Changing demographics are one factor behind the shift towards SRI. A recent survey found that 86 percent of millennial investors are interested in sustainable investing and that 38 percent are “very interested,” a 10 percentage point increase compared with the prior year. The great millennial generation wealth transfer, estimated by Accenture to be near $30 trillion over the next several decades, will accelerate the need for reliable data and socially aware investments.
So why are investors just catching on? A major reason is that there has been a dearth of reliable data to show that investing in these issues is beneficial to a company’s bottom line. Additionally, there hasn’t been a clear yardstick for corporations to use in measuring where they stand overall.
Recently released analysis from JUST Capital, an independent research organization, sheds light on both of these questions.

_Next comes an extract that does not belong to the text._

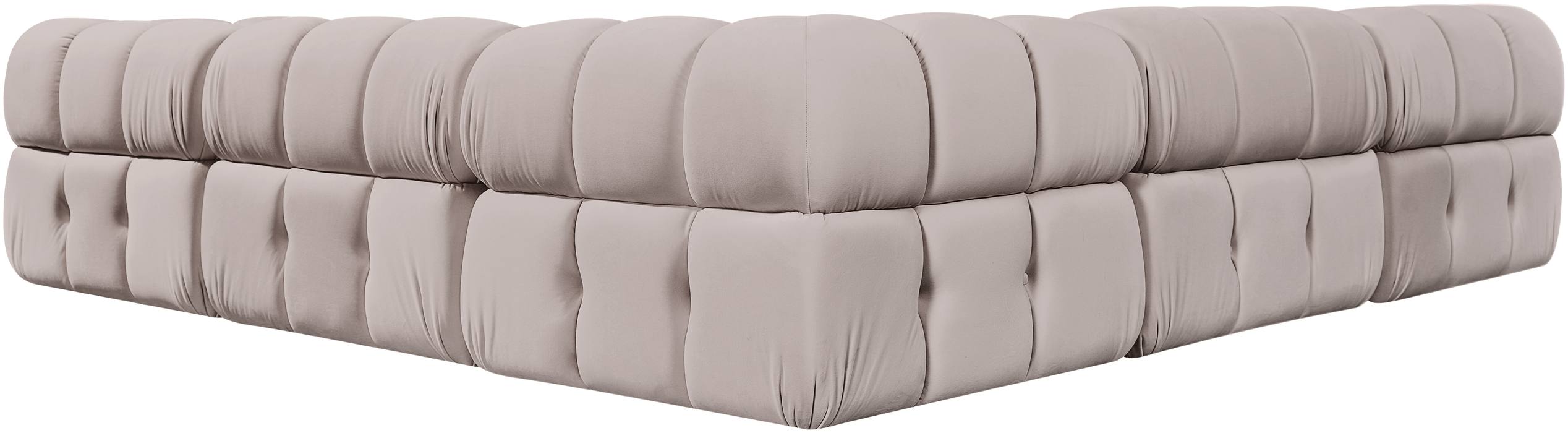 Meridian Furniture - Orin Beige Velvet Performance Fabric Upholstered 5 pc. Sectional - 671Beige-Sec5D - GreatFurnitureDeal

In December, JUST Capital released its second annual ranking of the largest publicly-traded U.S. companies, assessing how well their business practices align with the priorities of the American public. These include worker pay and treatment, product quality, customer respect, and other issues that Americans care most about according to our survey. We found that the top 100 ranked companies pay their median U.S. worker 33 percent more than other companies in the Russell 1000, are more than 10 times likelier to have conducted gender pay equity analyses, and face 74 percent fewer employment discrimination cases per dollar of revenue. Our research also shows that these companies outperform competitors. Over the past five years, these 100 “just” companies delivered a 24 percent average ROE, significantly higher than 16 percent for other ranked companies.
This record of outperformance is also supported by the JUST U.S. Large Cap Diversified Index (JULCD), which was launched in November 2016 and recently marked its successful first year of live trading. The Index meets the pressing need for an equity market benchmark reflecting the values of the American public without sacrificing investment return. Companies in that index exhibited significantly higher returns, lower volatility, shallower stock price declines, and higher return on investment capital than bottom-ranked companies. In live, out-of-sample performance through February 5, 2018, the JULCD Index has since inception also surpassed the Russell 1000 by over 3 percent with minimal tracking error. It has continued to outperform over the current period of heightened market volatility. In an effort to create more relevant and transparent data for socially aware investors, JUST Capital will track the stock performance of the overall leaders of its rankings, alongside indices tracking specific issues such as worker treatment and environmental performance.
To be sure, this shift towards SRI and sustainable, or ESG, investing is still in its beginning stages. According to the Global Sustainable Investment Alliance, in 2016 U.S. SRI assets accounted for nearly $9 trillion, or 22 percent of U.S. assets under professional management, up from 18 percent in 2014. Getting to a 25 percent share in the U.S. – less than half that of Europe’s, currently at 53 percent – would imply well over $1 trillion in fresh, and potentially near-term, investment flows.
Of course no investment strategy can guarantee outperformance in perpetuity, but the new investor imperative must place corporate social responsibility at the forefront. This shift has the potential to yield not only stronger financial performance, but also a more just economy – where the issues that presently vex our society are responsibly confronted by America’s corporate leaders.